• **What you have to do**
At the line containing "3-к квартира, на", begin an exact copy of the lines below and continue through the final one, with no pictures.

*** Opening Data below ***

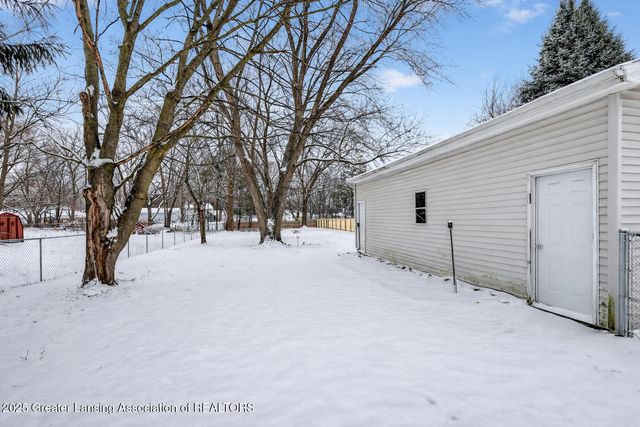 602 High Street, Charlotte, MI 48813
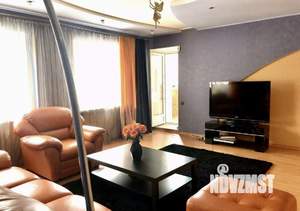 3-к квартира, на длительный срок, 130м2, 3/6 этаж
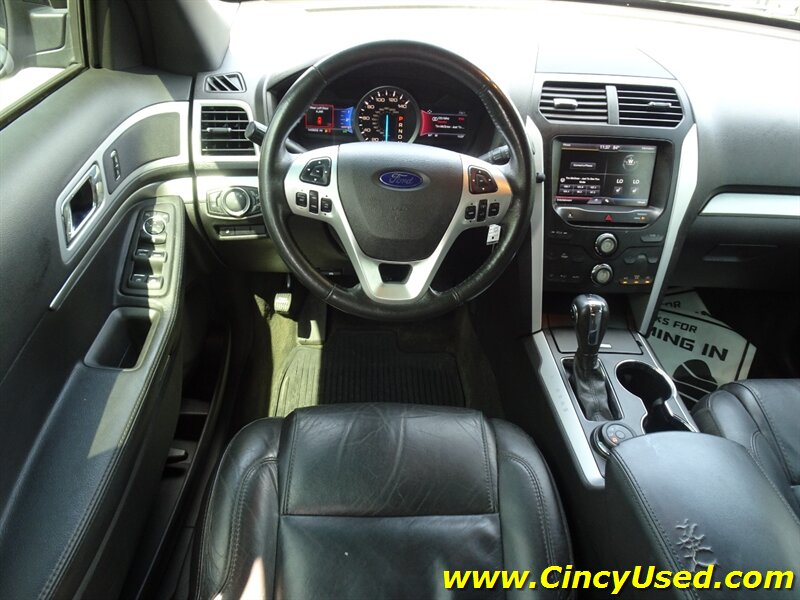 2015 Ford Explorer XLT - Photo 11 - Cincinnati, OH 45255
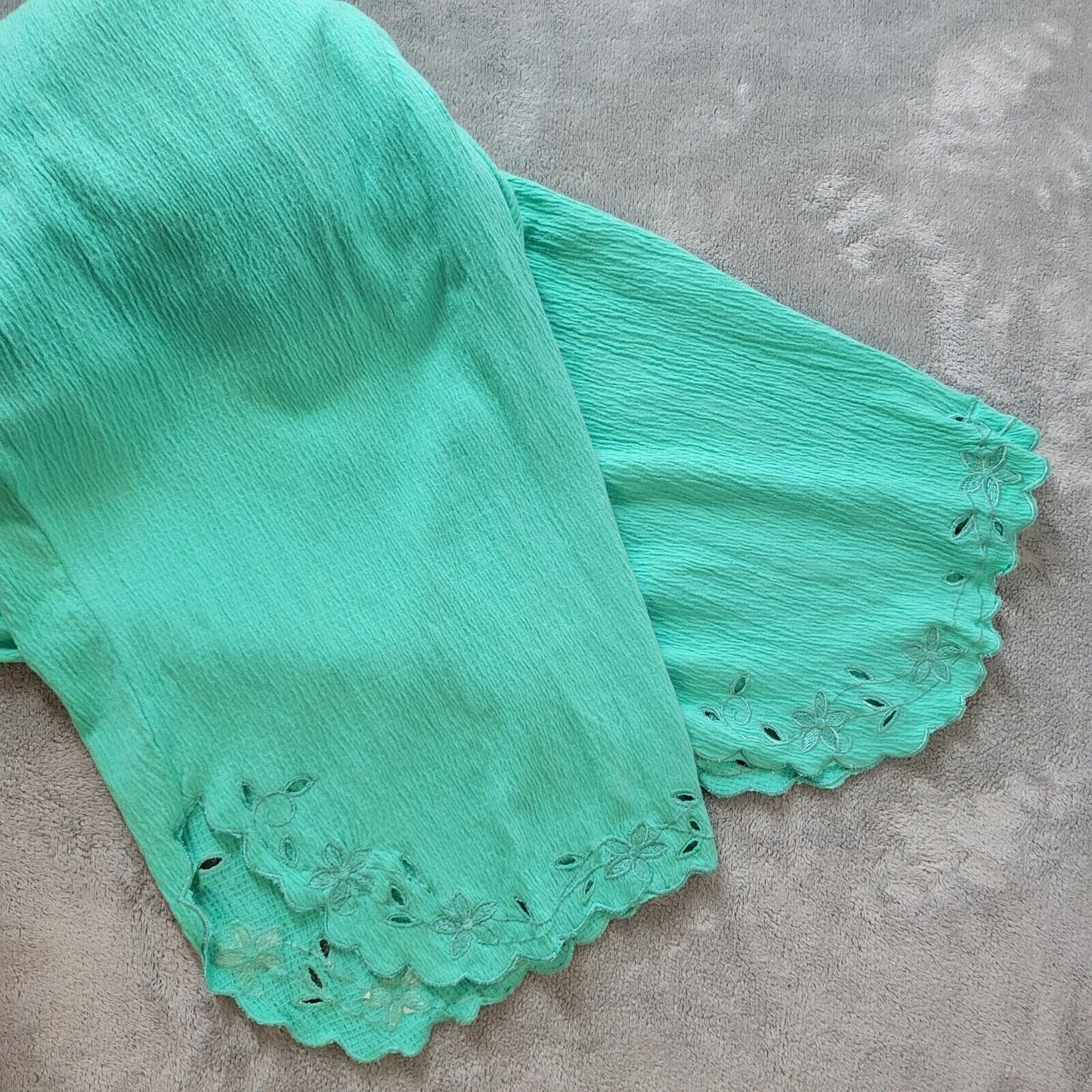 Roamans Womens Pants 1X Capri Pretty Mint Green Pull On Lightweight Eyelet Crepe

*** Closing Data below ***

• **Written answer**
 3-к квартира, на длительный срок, 130м2, 3/6 этаж
 2015 Ford Explorer XLT - Photo 11 - Cincinnati, OH 45255
 Roamans Womens Pants 1X Capri Pretty Mint Green Pull On Lightweight Eyelet Crepe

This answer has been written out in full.